Learn to Dive in Melbourne
Divers often joke about whether they are "certified" or just "certifiable". Often the answer is both! :-) Here's what you need to know to join this off-beat tribe by doing an internationally recognised Open Water dive course that certified you to dive not just in Melbourne, but anywhere in the world.
Can You Handle Diving?
Experienced divers actually try not to swim very much (to conserve air), but it is important to be comfortable in the water and in reasonably good shape. Before doing your Open Water certification course you will need to complete a comprehensive Medical Statement (Adobe PDF | 113.12 KB).
If you answer YES to any question, are under 16 years old, or are aged 45 or more, you will be referred to a qualified physician for a Diving Medical assessment that conforms to Australian Standard AS4005-1. Overseas dive medicals are generally not accepted unless they are equal or better than the AS4005.1 standard.
Essential Diving Skills
Obviously there are some skills to learn in order to get yourself underwater with a breathing apparatus.
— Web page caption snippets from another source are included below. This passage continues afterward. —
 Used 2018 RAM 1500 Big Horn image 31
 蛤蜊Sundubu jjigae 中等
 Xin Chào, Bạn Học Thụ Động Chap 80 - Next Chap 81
You need to learn these skills from highly-skilled diving instructors via an Open Water dive course from one of the sport's major certification organisations. The Scuba Doctor has diving instructors available who are certified to the highest levels within the PADI, SDI/TDI and BSAC streams of diver training.
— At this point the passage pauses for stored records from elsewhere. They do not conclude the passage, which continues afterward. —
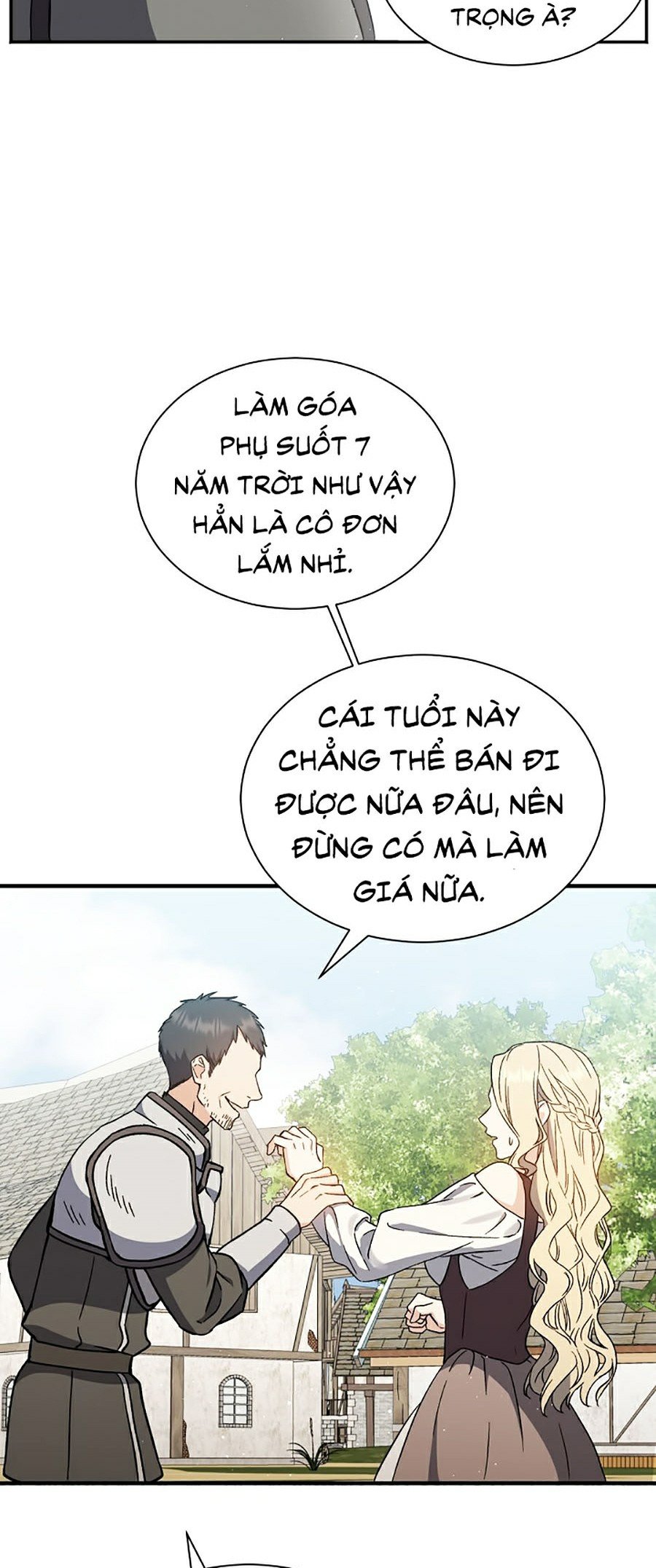 Sự Trở Lại Của Bát Cấp Ma Pháp Sư Chapter 2 - Trang 44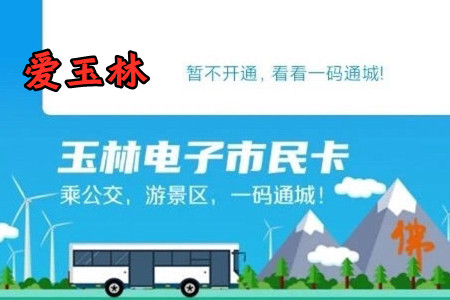 爱玉林手机乘车码app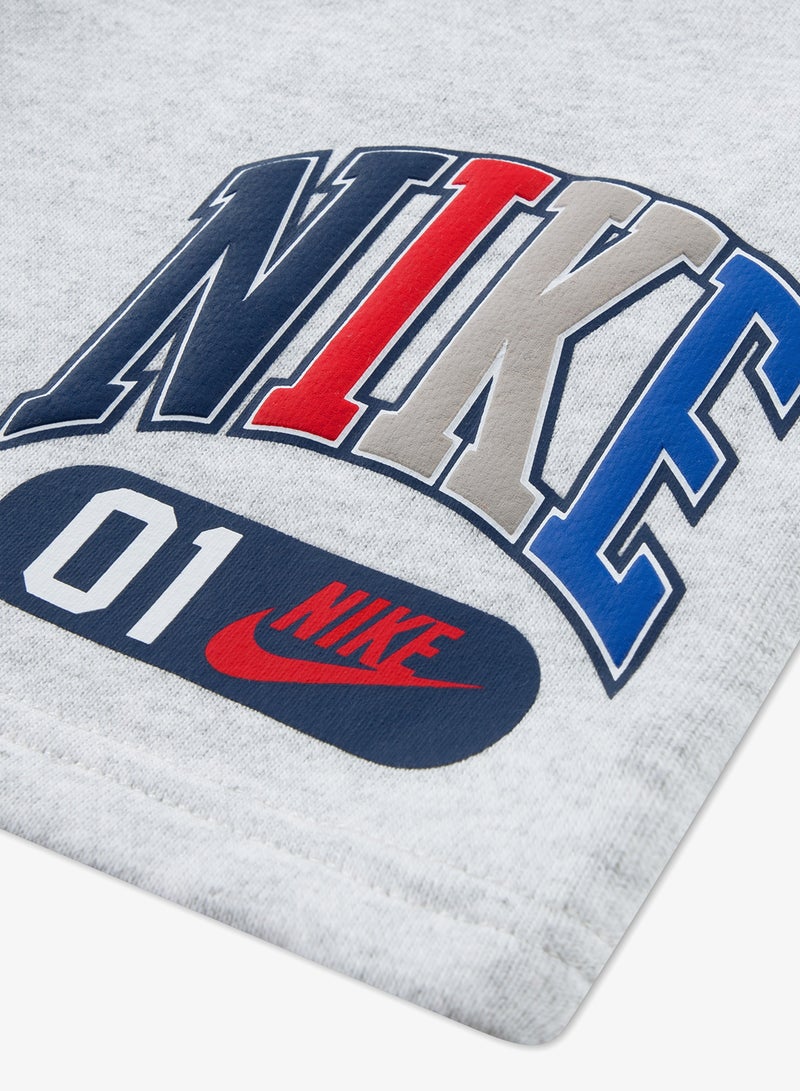 Nike Kids Multisport Fleece Shorts - Image 3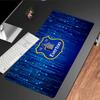 Everton Football Club Wappen Mauspads, Gummibasis, Mauspads für Gamer und Bürogebrauch, Gaming Schreibtisch , Leicht zu reinigende Matte Weihnachts-Fan-Geschenke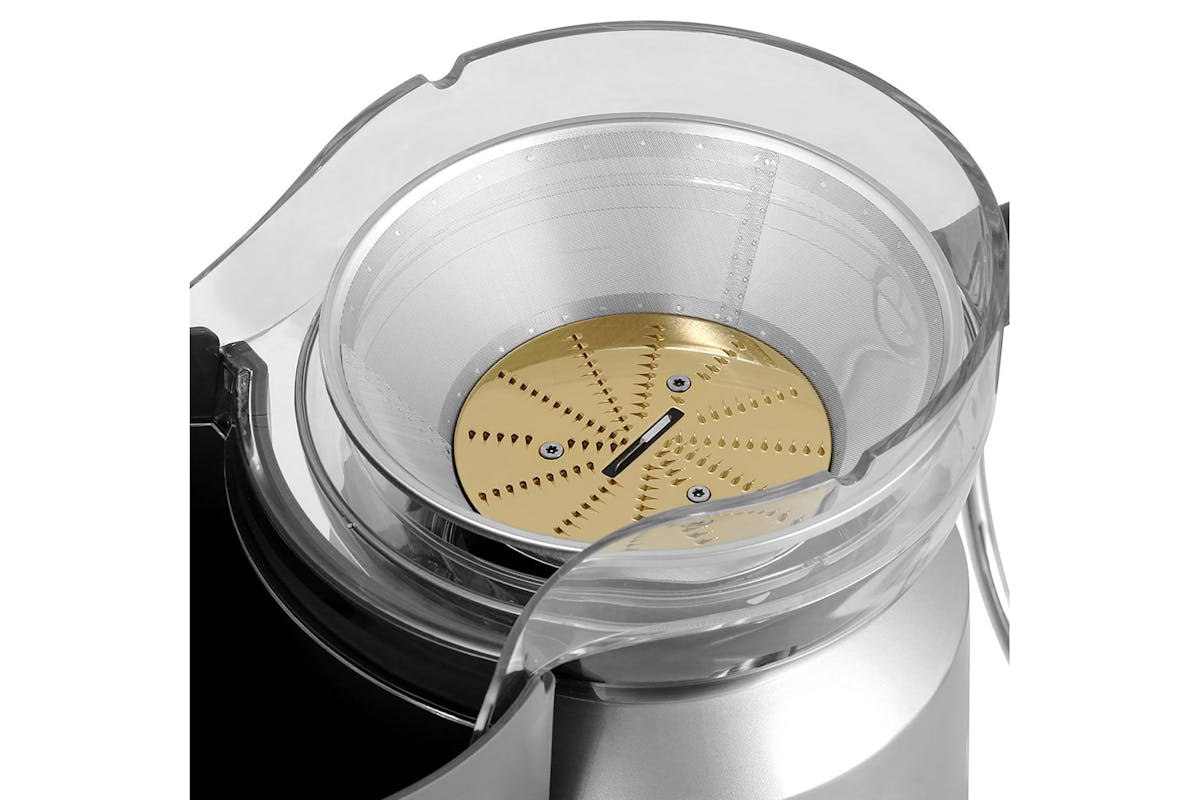 Sage Nutri Juicer Cold | Silver | BJE430SIL-8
Open Water Certification in Melbourne
The common name for the dive course that will enable you to go out and dive with a dive buddy is "Open Water". Typically an Open Water course certifies you to dive to a maximum depth of 18 metres (60 feet).
An Open Water Course is the first official step in scuba diving training, where you will learn all the fundamentals to help you become a confident scuba diver. No prior scuba experience is necessary and upon successful completion of the course you will receive an Open Water Diver certification card, which is a lifelong, internationally recognised scuba diving rating and can be used anywhere around the globe.
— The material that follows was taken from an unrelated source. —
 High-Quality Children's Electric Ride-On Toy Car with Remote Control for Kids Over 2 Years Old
There are dive courses, with names like "Scuba Diver" and "Advanced Adventurer", that only qualify you to dive with a dive professional to a maximum depth of 12 metres (40 feet). Don't be tricked into doing one of these courses. You need to do a full Open Water course in order to be certified to dive with a buddy and enjoy exploring the underwater world.
Your Open Water course will be the most important dive training course you ever do. And we'll do everything we can to make sure it's fun to do as well. Yes, it can be expensive, but the certification is valid for life.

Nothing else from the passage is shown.